İdari rejime dayalı olarak düzenlenmiş bulunan Türkiye’nin idari yapısında, kamu tüzel kişiliği idari yargının görev alanının belirlenmesinde kullanılan ölçütlerden birisidir. Kamu tüzel kişilerinin kuruluş amacı kamu yararı, faaliyet konuları ise kamu hizmetidir. Bu bağlamda, Kamu Tüzel Kişileri, özel hukuk tüzel kişilerine nazaran üstün ve ayrıcalıklı kamu gücüne sahiptirler ve tek taraflı işlemlerle yeni hukuki durum yaratabilirler. Bu nedenle de personeli kamu hukukuna tabidir.

Kanunla kurulma ve kamu tüzel kişiliğine sahip olmanın yanı sıra, Devlet Üniversitelerinde olduğu gibi Vakıf Üniversitelerinin de Anayasal güvence altına alınmış olan “Bilimsel Özerkliğe sahip olmaları” bir diğer ayrıcalığıdır. Üniversitelerde bilimsel özerklik ilkesi benimsenirken güdülen amaç, yükseköğretimin çeşitli siyasal çevre ve baskı grupları ile düşünce kümelerinin etkisinin dışında tutarak, bilimsel amaç, hedefler ve gereksinimlerine bağlı olmalarını sağlamaktır. Bu nedenle de, bilimsel faaliyetin asli unsurları olan yükseköğretim elemanlarının, görevleri, unvanları, atama, yükselme ve emeklilikleri gibi özlük haklarının kanunla düzenleneceği konusu, anayasal teminat altına alınmıştır.

Somut olay ve mevzuat hükümleri birlikte irdelendiğinde; davalı Üniversitenin, sürekli ve düzenli nitelikteki kamu hizmetinde çalıştırdığı davacının; statüsü, göreve alınması, hak ve yetkileri gözetildiğinde, İdare Hukuku kapsamında bir kamu personeli olduğu açıktır. Bu açıdan davacının, iş akdinin feshine ilişkin işleminin de 2577 sayılı Kanunun 2’inci maddesinin 1’inci fıkrasının (a) bendinde tanımı yapılan iptal davasına konu edilebilecek nitelikte bir idari işlem niteliği taşıdığı;  bu işlemin hukuka uygunluğunun denetiminin de, Anayasayla bu denetim için oluşturulan İdari Yargı’nın görev alanında bulunduğu sonucuna varılmıştır.
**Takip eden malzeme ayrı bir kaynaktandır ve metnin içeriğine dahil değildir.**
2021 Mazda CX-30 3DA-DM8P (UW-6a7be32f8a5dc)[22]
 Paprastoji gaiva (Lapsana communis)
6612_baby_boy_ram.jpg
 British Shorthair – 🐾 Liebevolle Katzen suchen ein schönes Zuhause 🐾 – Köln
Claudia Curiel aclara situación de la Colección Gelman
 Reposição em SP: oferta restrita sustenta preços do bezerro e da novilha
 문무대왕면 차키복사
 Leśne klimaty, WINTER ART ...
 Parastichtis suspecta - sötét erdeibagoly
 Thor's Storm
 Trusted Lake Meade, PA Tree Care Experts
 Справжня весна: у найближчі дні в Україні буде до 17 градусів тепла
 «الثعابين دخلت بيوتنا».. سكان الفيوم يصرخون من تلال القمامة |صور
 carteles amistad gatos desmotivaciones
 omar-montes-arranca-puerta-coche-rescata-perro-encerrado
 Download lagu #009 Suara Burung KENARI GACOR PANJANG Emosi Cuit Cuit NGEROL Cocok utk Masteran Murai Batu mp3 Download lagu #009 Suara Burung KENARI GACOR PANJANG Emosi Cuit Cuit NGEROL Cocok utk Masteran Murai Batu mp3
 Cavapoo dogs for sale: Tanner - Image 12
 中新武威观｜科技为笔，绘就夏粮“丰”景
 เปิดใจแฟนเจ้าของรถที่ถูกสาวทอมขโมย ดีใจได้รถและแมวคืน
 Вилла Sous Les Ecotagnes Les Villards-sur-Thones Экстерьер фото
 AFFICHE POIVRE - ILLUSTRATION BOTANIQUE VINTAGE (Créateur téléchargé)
Açıklanan nedenlerle, Yargıtay Cumhuriyet Başsavcısı’nın başvurusunun reddi gerekmiştir.

S O N U Ç         : Davanın çözümünde İDARİ YARGININ görevli olduğuna, bu nedenle Yargıtay Cumhuriyet Başsavcısı’nın BAŞVURUSUNUN REDDİNE, 5.11.2012 gününde OY BİRLİĞİ İLE KESİN OLARAK karar verildi.